Risk monitoring plays an important role in listed Nigerian oil and gas firms because the sector invests in risky projects requiring efficient risk monitoring; nevertheless, oil and gas firms have yet to fully embrace and employ risk monitoring programs in their risk management frameworks. This is evident in the way they have constituted their risk committees and how risky projects are managed in silos. The Committee of Sponsoring Organizations of the Treadway Commission (COSO) (2004) maintained that risk monitoring should be comprehensive to ensure that firms create, capture, and sustain value. Hence, the fundamental goals of enterprise risk monitoring are targeted toward creating, capturing, and sustaining firm value (Abdullah, Janor, Hamid, & Yatim, 2017; Agustina & Baroroh, 2016; Erin & Aribaba, 2021; Jesko & Sophie, 2018; Pagach & Warr, 2010). Risk monitoring is predominantly achieved through firms’ risk committees (Rahman & Adnan, 2020).

Meulbroek (2002a) regarded the risk monitoring committee (RMC) as an integrated risk framework for identifying and assessing aggregate risks that might harm a firm in terms of its survival, value, and performance.  Studies on RMC and firm value employ discrete measures; however, using specific measures may not provide adequate predictions of enterprise RMC and firm value (Egberi, 2020b; Rahman & Adnan, 2020; Willumsen et al., 2019). Horvey and Ankamah (2020) and Nii-Okai (2015) asserted that a good measure for RMC should focus on an uninterrupted process rather than a discrete measure since RMC occurs continually, not on a one-off basis. Consequently, this study used uninterrupted measures of RMC (risk committee presence and size and the presence of non-executive directors on the risk committee) and firm value (Tobin’s Q, earnings yield, and price to earnings per share) in its investigation.

Previous studies on the relationship between RMC and firm value have focussed strongly on risk management practices and how they affect firm performance; there is a lack of studies on how RMC could affect firm value in Nigeria. Furthermore, there have been contradictory outcomes in this area of the study; while some studies found positive and significant effects (Abdullah, Shukor, Mohamed, & Ahmad, 2015; Anton, 2018; Erin & Aribaba, 2021; Husaini & Saiful, 2017) others found negative and insignificant effects (Agustina & Baroroh, 2016; González, Santomil, & Herrera, 2020). In light of this contradiction, the current study was conducted to examine the relationship between RMC and the firm value of listed Nigerian oil and gas firms.  The following sections of this paper present a review of previous literature, the research method, the results and discussion, and the conclusions and recommendations.

2. Review of Related Literature

2.1. Risk Monitoring Committee

The concept of Risk Monitoring Committee (RMC) has been used extensively in the literature. Meulbroek (2002b) saw RMC as an integrated risk monitoring framework aimed at identifying and assessing the collective risks affecting the firm, such that the risk could be systematically monitored and lessened. Erin and Aribaba (2021) and Anton (2018) found that firm value could be improved via a unified risk monitoring approach.

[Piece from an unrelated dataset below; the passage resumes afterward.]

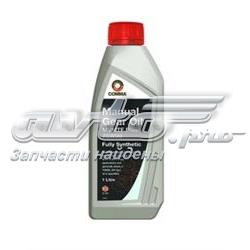 MVMTFP1L Comma Aceite caja cambios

Liebenberg and Hoyt (2003) opined that risk monitoring emboldened firms to become more offensive and strategic in reducing risks. In the context of risk management, RMC was found to have a tendency to augment firm value (Anton, 2018; Erin & Aribaba, 2021; Hoyt & Liebenberg, 2008; Waweru & Kisaka, 2010). According to Carter, Simkins, and Simpson (2003), the successful operations of any firm largely depend on its RMC structure. Similarly, Carter et al. (2003) argued that firm value can be created, captured, and sustained by adopting and applying an effective RMC framework.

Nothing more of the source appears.